If You Can't Do, Teach

You would think that it is a matter of common courtesy that you inform your employer your intentions for the job commitment, and give him sufficient notice should you decide later to quit. More so if you were appointed Attorney General of Singapore.

Walter Woon, 54, obviously kept it all to himself. If indeed, "I only agreed to do this job for two years," as Woon claims, no one else knew about his stepping down, until he announced his last day will be on  April 10.  Since his replacement has to complete his current work obligations before being able to start in October 1, they had to rope in Solicitor-General Koh Juat Jong to serve as acting AG for the interim 6 months from April 11 to Sept 30. So why the sudden haste for the departure? Woon may say he had long planned to return to teaching law at the National University of Singapore, but his new employer hasn't figured out what his job scope will be: NUS law dean Tan Cheng Han said he has yet to discuss his plans for Woon.

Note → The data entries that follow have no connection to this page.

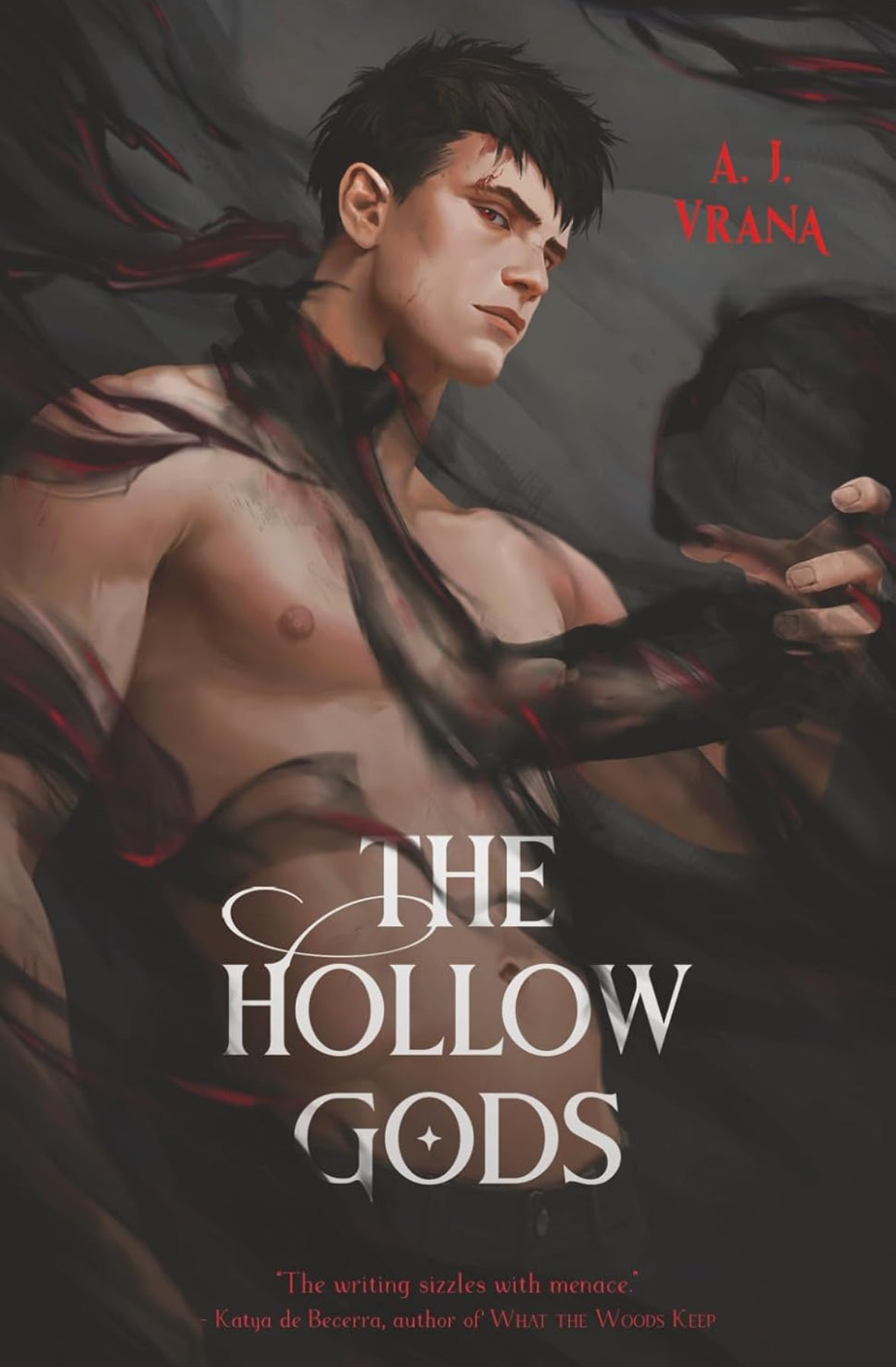 Signed: The Hollow Gods (The Chaos Cycle Book 1) - A.J. Vrana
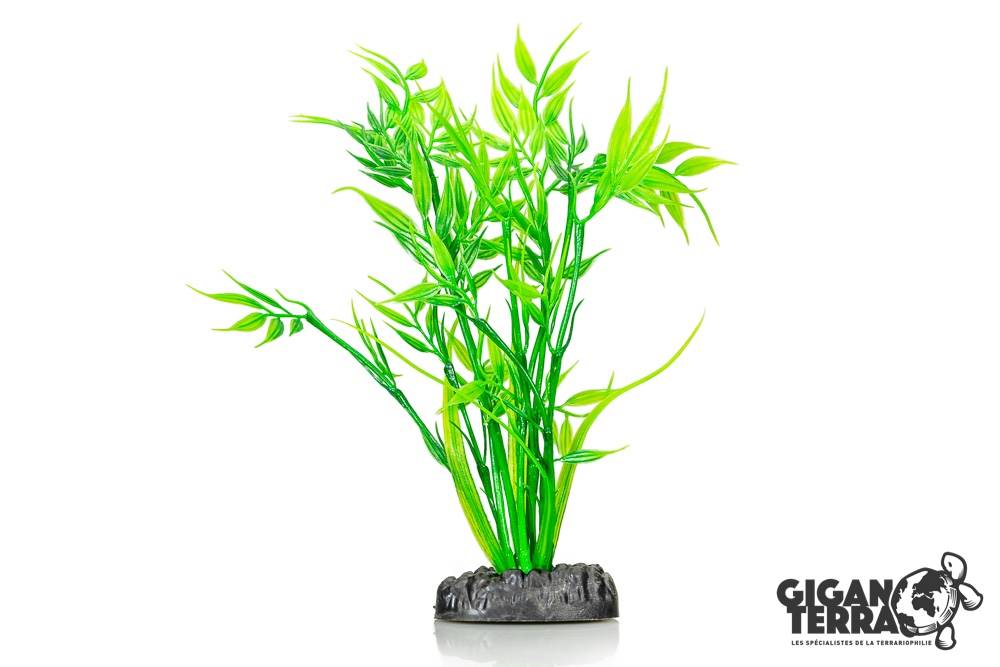Plante Aqua 652 - H 20cm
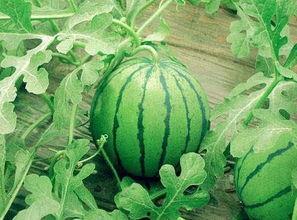 河北吃瓜情报处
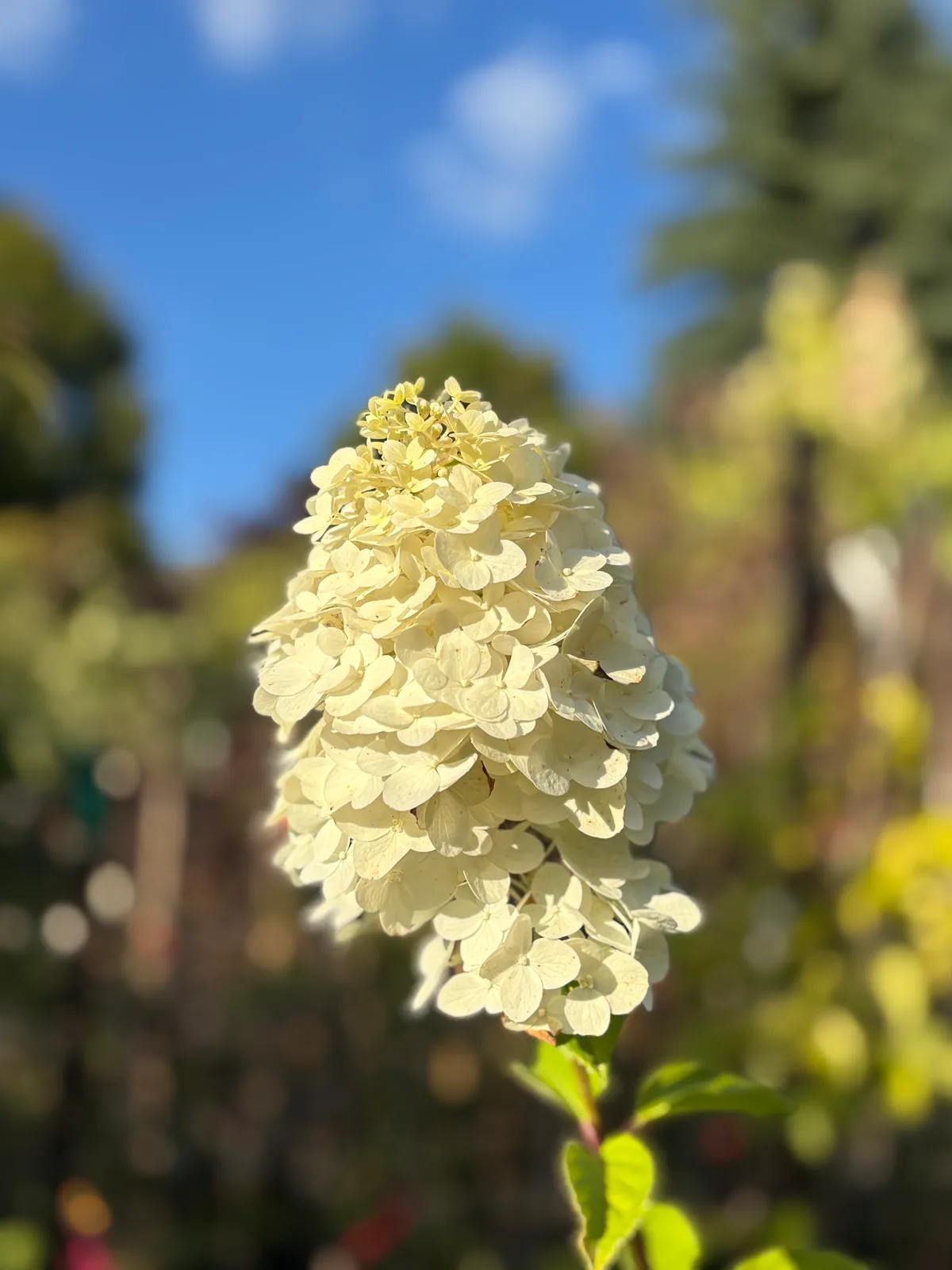 Hortensja bukietowa 'Polar Bear' (Hydrangea paniculata 'Polar Bear' PBR), Hortensje z produkcji Świat Roślin, zdjęcie 5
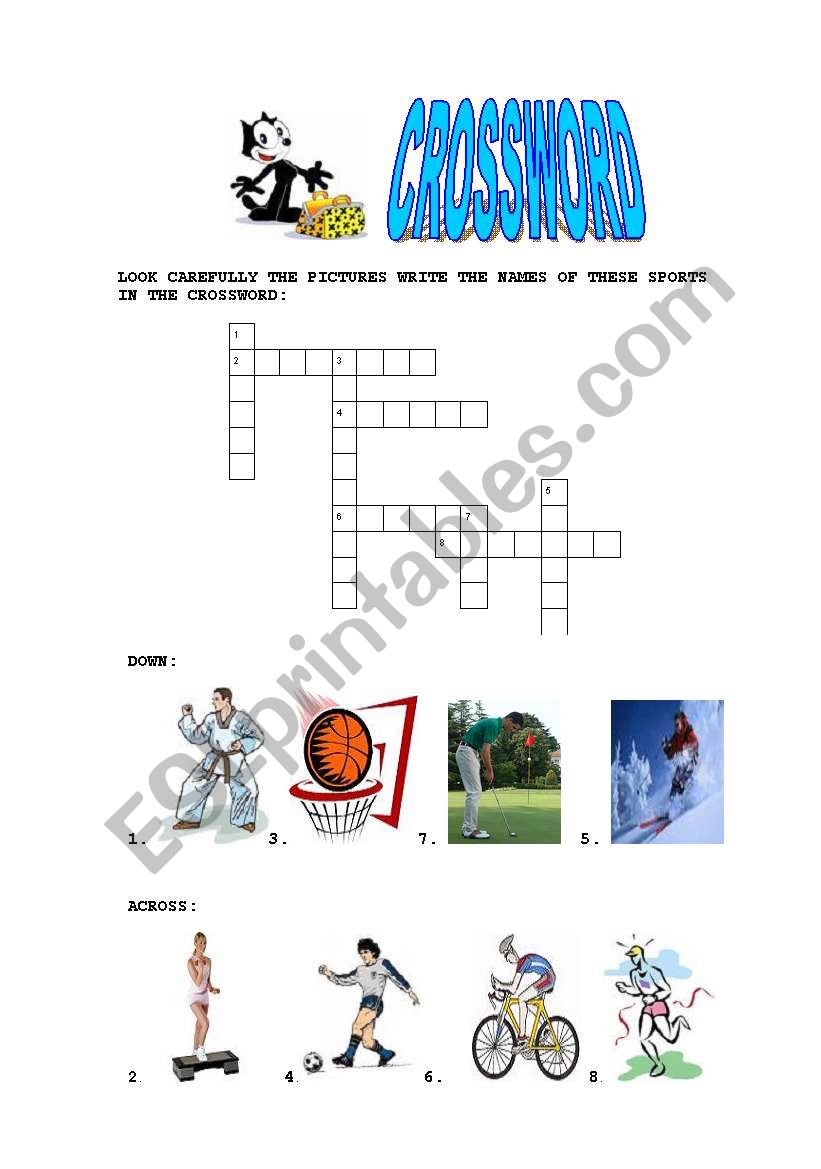 sports worksheet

He'd better ask if how long Woon intends to stay this time.

As A-G, Woon raised eyebrows when he decided, on his own initiative, to appeal for a life term for Aniza Essa, a young mother, who was already convicted of instigating her boyfriend to kill her enstrangled husband. The Court of Appeal rejected his legal arguments, and affirmed her 9-year jail term. Could he be a sore loser?

Coffee shop talk has it that it's all a game plan for political office and a higher income tax bracket during this coming general election, rumoured to be in June. Which seemingly runs contradictary to his stated (honourable) intentions: "At this point of my life, I think that I can make a more significant contribution through teaching and writing." Well, if he does change spots, the party he signs up with certainly deserves what they get.